Exercise: If you see a picture in the data below, omit it and copy the rest exactly.

Provided material:
───
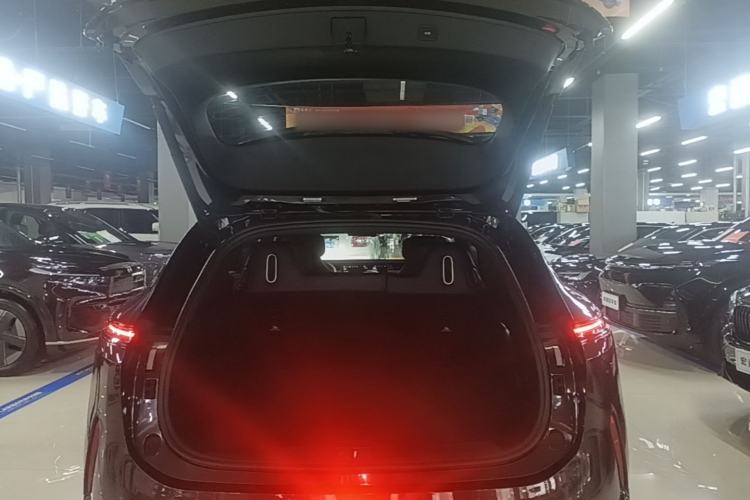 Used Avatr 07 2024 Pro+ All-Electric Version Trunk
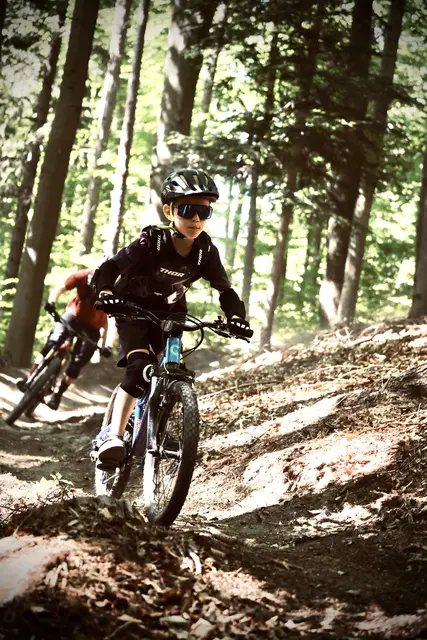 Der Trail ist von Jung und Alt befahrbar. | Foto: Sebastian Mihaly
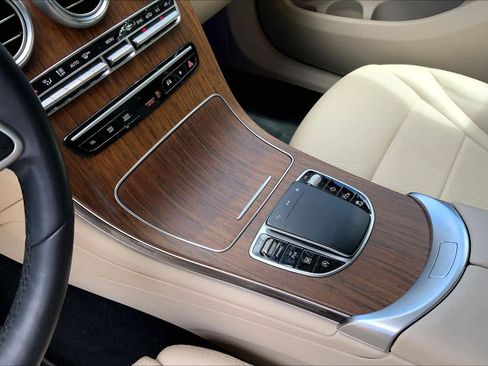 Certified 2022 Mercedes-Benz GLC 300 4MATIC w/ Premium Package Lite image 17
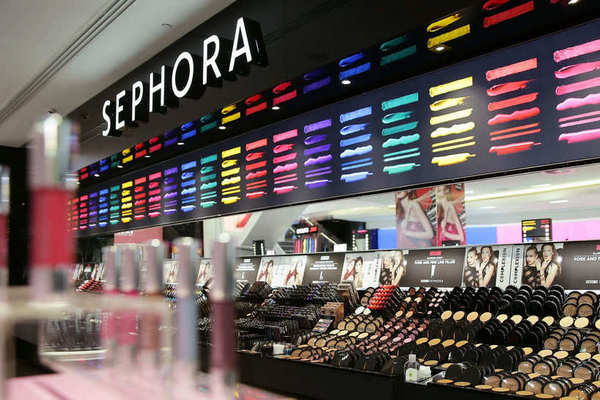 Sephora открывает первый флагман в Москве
───
Result of this exercise:
 Used Avatr 07 2024 Pro+ All-Electric Version Trunk
 Der Trail ist von Jung und Alt befahrbar. | Foto: Sebastian Mihaly
 Certified 2022 Mercedes-Benz GLC 300 4MATIC w/ Premium Package Lite image 17
 Sephora открывает первый флагман в Москве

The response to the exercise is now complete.